A abordagem do filme para a época, inserida em um contexto histórico brasileiro que não era dos mais animadores, foi extremamente corajosa. Nelson Pereira dos Santos guia seu roteiro com uma destreza que evidencia certo auto-ditatismo, visto que esse foi seu primeiro grande trabalho nos cinemas. Após esse projeto o diretor ainda nos brindaria com a pérola Vidas Secas, obra-prima do cinema nacional baseada em livro de Graciliano Ramos. Rio 40 Graus, além de explorar a pobreza como uma realidade ignorada, caracteriza um político de forma quase caricata, que deixa toda e qualquer análise sócio-política para seu assessor de imprensa. É como se Nelson Pereira dos Santos nem imaginasse que a censura pudesse barrar seu filme. Mas assim ela fez.

O filme, infelizmente, não possui uma boa edição em dvd no país e o encontrar não é tarefa das mais fáceis. O próprio diretor já afirmou que o seu projeto necessita de uma restauração. Uma pena, pois geralmente na versão encontrada ficam evidentes algumas falhas grotescas em sua edição de som, assim como na precariedade de suas imagens. Rio 40 Graus tem também como ponto fraco algumas das atuações, que ficaram datadas, dado o expressionismo exagerado que alguns atores empregaram a seus papéis. Com um elenco composto por vários amadores, o projeto de Nelson Pereira dos Santos seria mais verossimilhante caso tivesse empregado maior tempo na preparação de seus atores.
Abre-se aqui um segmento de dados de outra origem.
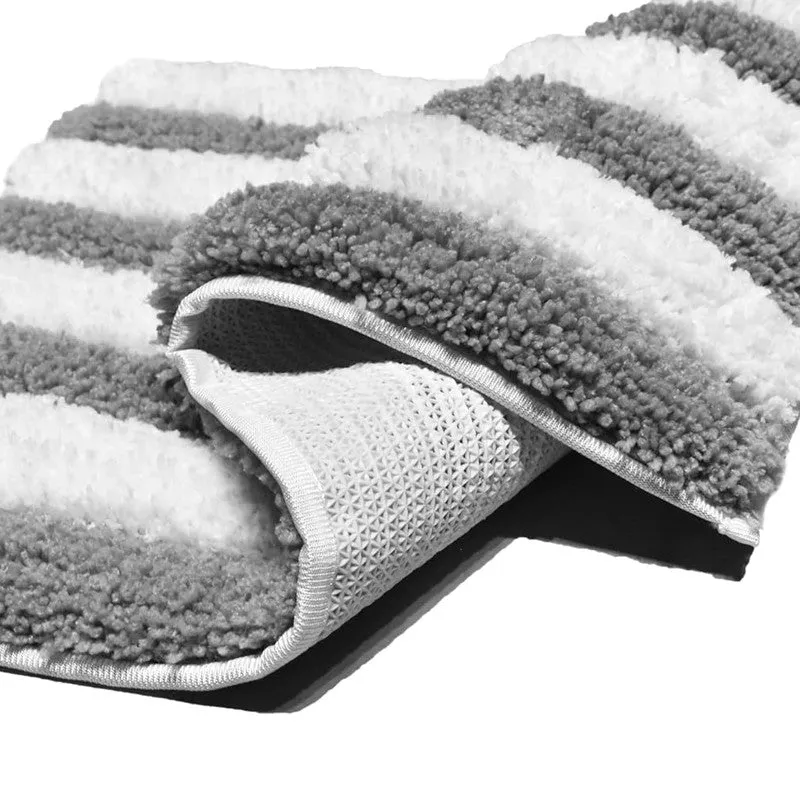Close-up of the bath mat showing plush striped texture and underside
É notável a influência que este filme causou nas obras cinematográficas lançadas posteriormente no país, que não tinham como intuito principal a arrecadação de dinheiro. Rio 40 Graus foi a peça chave para o início do movimento chamado Cinema Novo, que ficou conhecido por defender o famigerado bordão “uma câmera na mão e uma idéia na cabeça”, e tinha explícitas influências do cinema de autor da França, movimento conhecido como Nouvelle Vague, assim como o já mencionado Neo-realismo italiano. 

Precursor do movimento que nasceu para elevar o status do cinema de arte nacional, Rio 40 Graus é parte importante da filmografia essencial para qualquer cinéfilo. Apenas citando alguns nomes que se lançaram como defensores dos preceitos estabelecidos pelo Cinema Novo brasileiro, Glauber Rocha foi provavelmente o que ganhou maior destaque, junto a Leon Hirszman, Cacá Diegues e Rogério Sganzerla. Ratificando a imensa importância do filme, sem Rio 40 Graus e sem Nelson Pereira dos Santos nosso cinema provavelmente nunca teria gerado algo como Cidade de Deus.